Appeal of THERESA MCNAMEE from action of the Board of Education of the Connetquot Central School District regarding a proposition.

Decision No. 17,103

(June 20, 2017) 

Guercio & Guercio, LLP, attorneys for respondent, Lisa L. Hutchinson, Esq., of counsel

ELIA, Commissioner.--etitioner challenges the refusal by the Board of Education of the Connetquot Central School District (“board” or “respondent”) to place a proposition before the voters at the annual meeting.  The appeal must be dismissed.
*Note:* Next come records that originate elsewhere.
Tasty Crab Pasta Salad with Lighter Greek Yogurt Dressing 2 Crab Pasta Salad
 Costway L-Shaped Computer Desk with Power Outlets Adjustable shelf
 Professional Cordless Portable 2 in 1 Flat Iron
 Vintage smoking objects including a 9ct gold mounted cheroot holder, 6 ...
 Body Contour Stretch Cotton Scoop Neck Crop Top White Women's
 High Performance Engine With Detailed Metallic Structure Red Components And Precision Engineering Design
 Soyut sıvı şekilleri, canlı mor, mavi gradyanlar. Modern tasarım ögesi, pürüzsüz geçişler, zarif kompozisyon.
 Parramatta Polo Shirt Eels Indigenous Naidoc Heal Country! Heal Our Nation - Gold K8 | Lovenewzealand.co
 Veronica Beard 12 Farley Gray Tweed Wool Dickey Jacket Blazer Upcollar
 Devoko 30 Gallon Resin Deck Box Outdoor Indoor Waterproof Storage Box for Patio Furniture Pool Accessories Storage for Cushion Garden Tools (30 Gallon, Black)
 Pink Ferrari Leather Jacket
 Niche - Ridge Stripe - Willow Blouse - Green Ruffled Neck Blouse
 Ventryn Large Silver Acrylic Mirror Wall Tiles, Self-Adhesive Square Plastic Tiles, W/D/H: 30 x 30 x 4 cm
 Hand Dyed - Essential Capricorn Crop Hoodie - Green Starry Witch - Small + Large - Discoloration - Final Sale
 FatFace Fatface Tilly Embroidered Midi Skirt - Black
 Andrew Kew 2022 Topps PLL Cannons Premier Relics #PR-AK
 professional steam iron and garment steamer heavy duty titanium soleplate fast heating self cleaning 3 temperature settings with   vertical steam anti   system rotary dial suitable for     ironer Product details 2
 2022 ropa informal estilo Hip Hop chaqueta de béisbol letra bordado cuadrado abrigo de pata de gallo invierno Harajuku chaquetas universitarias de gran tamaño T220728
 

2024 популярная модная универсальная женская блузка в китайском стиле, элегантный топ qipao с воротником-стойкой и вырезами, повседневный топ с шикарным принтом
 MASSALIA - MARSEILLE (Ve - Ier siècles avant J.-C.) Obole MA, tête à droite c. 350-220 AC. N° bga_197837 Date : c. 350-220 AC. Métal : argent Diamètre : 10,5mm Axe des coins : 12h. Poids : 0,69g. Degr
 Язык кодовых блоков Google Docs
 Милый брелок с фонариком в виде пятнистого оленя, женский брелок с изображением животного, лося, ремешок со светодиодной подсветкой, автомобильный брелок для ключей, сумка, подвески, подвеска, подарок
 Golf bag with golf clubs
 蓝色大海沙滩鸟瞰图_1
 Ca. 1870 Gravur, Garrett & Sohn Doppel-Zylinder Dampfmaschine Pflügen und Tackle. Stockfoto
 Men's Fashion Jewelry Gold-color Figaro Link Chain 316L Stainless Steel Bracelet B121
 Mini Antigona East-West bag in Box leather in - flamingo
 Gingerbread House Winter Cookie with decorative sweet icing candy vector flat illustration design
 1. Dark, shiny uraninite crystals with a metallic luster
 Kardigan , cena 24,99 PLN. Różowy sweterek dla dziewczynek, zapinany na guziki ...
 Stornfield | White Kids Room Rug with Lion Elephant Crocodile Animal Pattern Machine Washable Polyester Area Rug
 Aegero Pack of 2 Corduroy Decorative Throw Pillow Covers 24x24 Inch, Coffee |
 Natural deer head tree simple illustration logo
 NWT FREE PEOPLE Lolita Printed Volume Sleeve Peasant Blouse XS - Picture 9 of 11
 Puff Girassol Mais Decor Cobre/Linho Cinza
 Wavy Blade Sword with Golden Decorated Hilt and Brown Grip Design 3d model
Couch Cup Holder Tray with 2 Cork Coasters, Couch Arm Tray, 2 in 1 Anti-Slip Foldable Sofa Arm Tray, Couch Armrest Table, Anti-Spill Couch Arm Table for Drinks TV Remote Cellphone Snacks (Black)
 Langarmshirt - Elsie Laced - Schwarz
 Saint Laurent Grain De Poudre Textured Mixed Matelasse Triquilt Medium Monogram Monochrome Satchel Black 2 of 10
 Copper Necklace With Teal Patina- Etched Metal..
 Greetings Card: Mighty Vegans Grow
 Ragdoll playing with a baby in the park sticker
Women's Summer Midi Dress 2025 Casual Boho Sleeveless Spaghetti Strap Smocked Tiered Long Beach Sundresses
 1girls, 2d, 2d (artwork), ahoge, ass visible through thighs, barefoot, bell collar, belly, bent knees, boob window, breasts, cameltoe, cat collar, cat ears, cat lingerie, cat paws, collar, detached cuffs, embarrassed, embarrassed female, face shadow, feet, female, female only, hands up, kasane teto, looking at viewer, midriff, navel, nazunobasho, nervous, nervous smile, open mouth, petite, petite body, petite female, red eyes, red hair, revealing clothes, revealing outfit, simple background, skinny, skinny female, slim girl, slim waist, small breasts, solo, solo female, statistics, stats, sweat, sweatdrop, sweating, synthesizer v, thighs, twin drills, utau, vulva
Petitioner is a resident in respondent’s district.  According to respondent, at its February 23, 2016 meeting, petitioner requested information from the board regarding the cost of a special election in the event that a proposition was placed on the ballot for the May 17, 2016 annual meeting, to increase the number of board members from five to seven (the “proposition”).  The district clerk provided information to petitioner that the cost would be “about $23,000.”  Subsequently, at its March 8, 2016 meeting, the district clerk provided an updated projected cost of approximately $45,000.  

By letter dated March 18, 2016, petitioner submitted to the board a petition containing 191 signatures of district voters in support having the proposition placed on the May 17, 2016 ballot.

At its March 22, 2016 meeting, respondent rejected the petition, by a vote of three to two.  According to respondent, the board members who voted against placing the proposition on the ballot did so because the proposition required an expenditure of money but failed to specify the amount for which voter approval was sought.  This appeal ensued. 

Petitioner asserts that board members Robert Grable, Nicholas Ferraioli, and Craig Amarando, who voted against placing the proposition on the ballot, acted arbitrarily and willfully and were wholly without a rational or reasonable basis in voting against placing the proposition on the May 17, 2016 ballot.  Petitioner requests that the vote be “vacated” and the proposition be placed on the ballot on May 17, 2016.  Her request for interim relief was denied on April 13, 2016.

Respondent asserts that its actions were rationally based and not arbitrary and capricious.

The appeal must be dismissed as moot.  The Commissioner will only decide matters in actual controversy and will not render a decision on a state of facts which no longer exist or which subsequent events have laid to rest (Appeal of a Student with a Disability, 48 Ed Dept Rep 532, Decision No. 15,940; Appeal of M.M., 48 id. 527, Decision No. 15,937; Appeal of Embro, 48 id. 204, Decision No. 15,836).  As relief, petitioner asks only that I grant her request to have the proposition appear on the ballot for the May 17, 2016 annual meeting.  Since the May 17, 2016 meeting has already occurred, the relief sought cannot be granted (see Appeal of Wait, 51 Ed Dept Rep, Decision No. 16,353).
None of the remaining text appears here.